> _PROMPT_: Images in the data are to be skipped, while every line is restated exactly as written.

==== COLLECTED MATERIAL

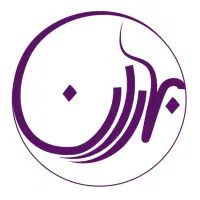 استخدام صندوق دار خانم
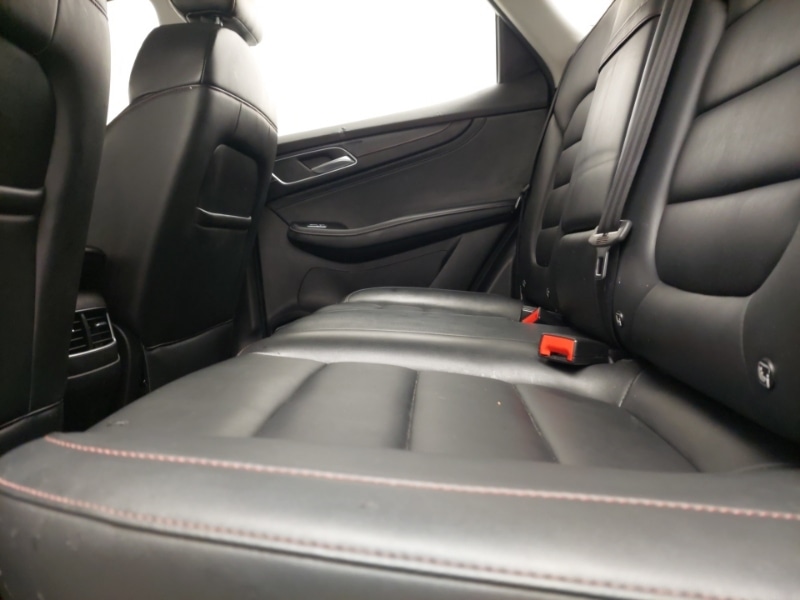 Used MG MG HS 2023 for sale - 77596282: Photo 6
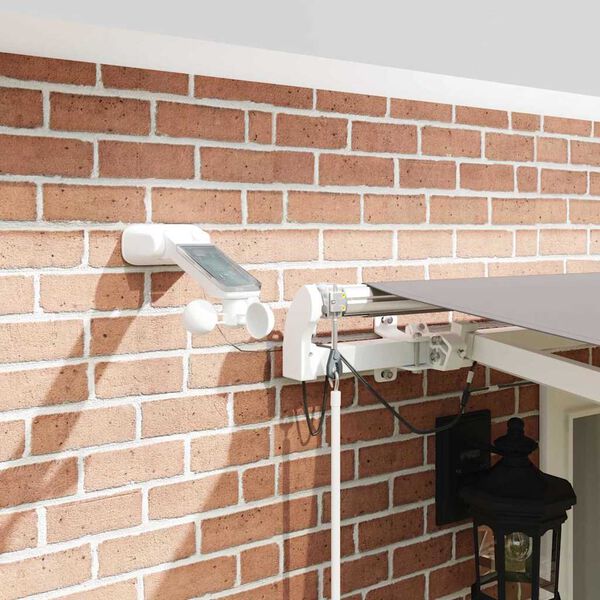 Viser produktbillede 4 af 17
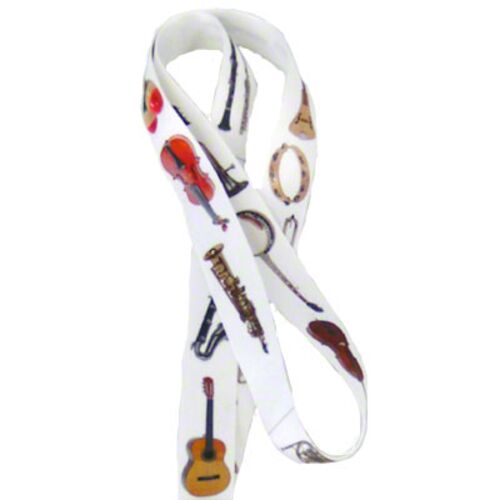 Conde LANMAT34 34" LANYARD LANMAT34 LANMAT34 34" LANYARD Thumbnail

========

> _RESPONSE TO THE TASK_:
 استخدام صندوق دار خانم
 Used MG MG HS 2023 for sale - 77596282: Photo 6
 Viser produktbillede 4 af 17
 Conde LANMAT34 34" LANYARD LANMAT34 LANMAT34 34" LANYARD Thumbnail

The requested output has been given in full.